On Wed, Apr 29, 2015 at 11:35 AM, Aaron Halfaker ahalfaker@wikimedia.org wrote:
- the right research list (Andrew, remove wmfresearch@ from your contact
list :P )
All looks good to me. Thanks. :)
On Wed, Apr 29, 2015 at 1:11 PM, Leila Zia leila@wikimedia.org wrote:
FYI
Ashwin, Bob, Ellery, I don't anticipate this having negative impact on our workflow. If you see possible issues, please communicate with Andrew (cc-ing me), or let me know and I communicate. Thanks!

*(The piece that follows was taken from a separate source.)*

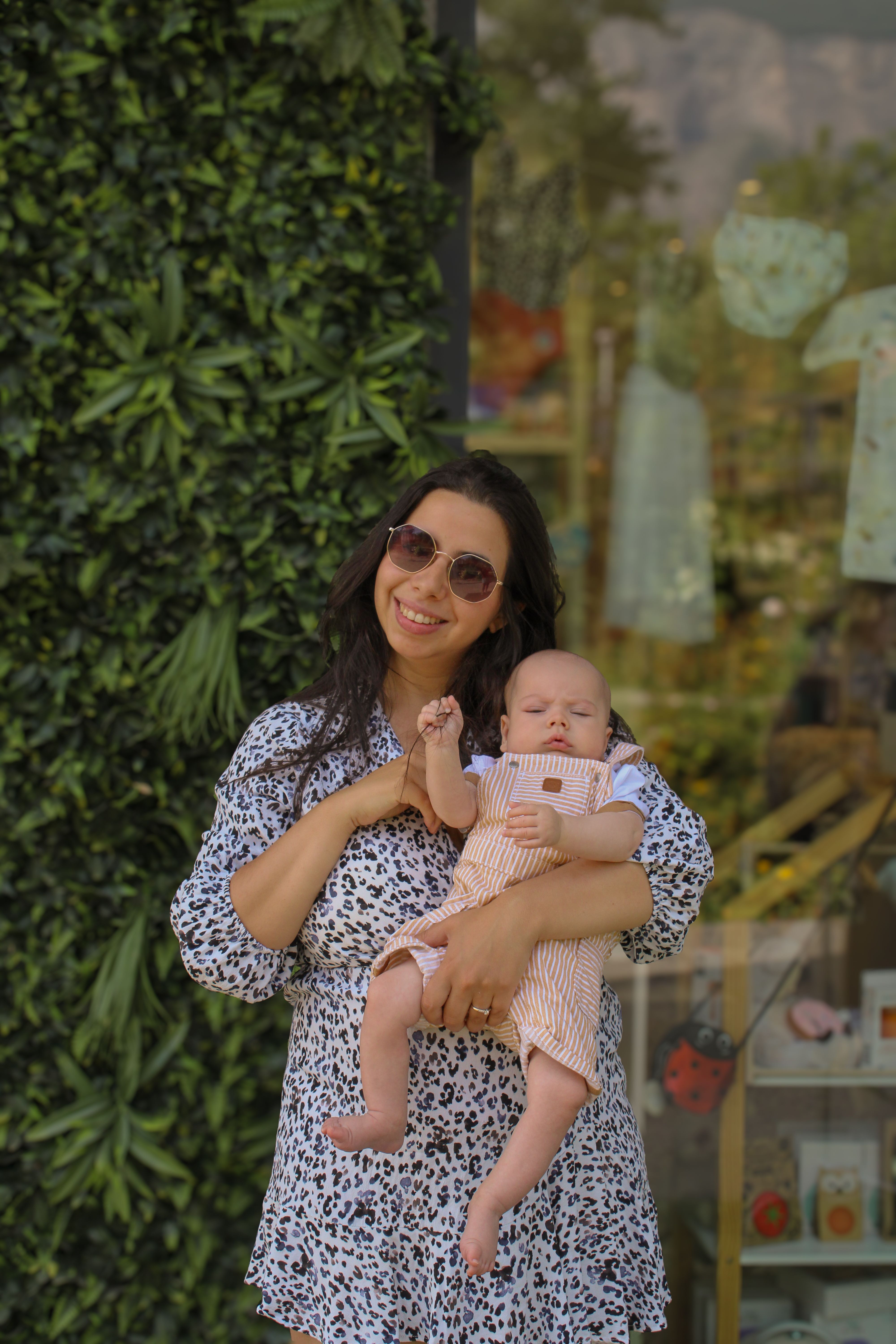 mamans enceintes et mamans bébé  - Photographie Famille / Naissance par Emma Bortot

---------- Forwarded message ---------- From: Andrew Otto aotto@wikimedia.org Date: Wed, Apr 29, 2015 at 11:05 AM Subject: [wmfresearch] Hadoop Cluster Downtime To: Operations Engineers ops@lists.wikimedia.org, "A mailing list for the Analytics Team at WMF and everybody who has an interest in Wikipedia and analytics." analytics@lists.wikimedia.org, "wmfresearch@lists.wikimedia.org Research" wmfresearch@lists.wikimedia.org
Hi all!
CDH 5.4 is out[1] and we’d like to upgrade. We are doing this now, rather than later, because there is an important Parquet/Hive related bug that has been fixed in this version[2]. This upgrade will include Spark 1.3, which should at least make one researcher happy.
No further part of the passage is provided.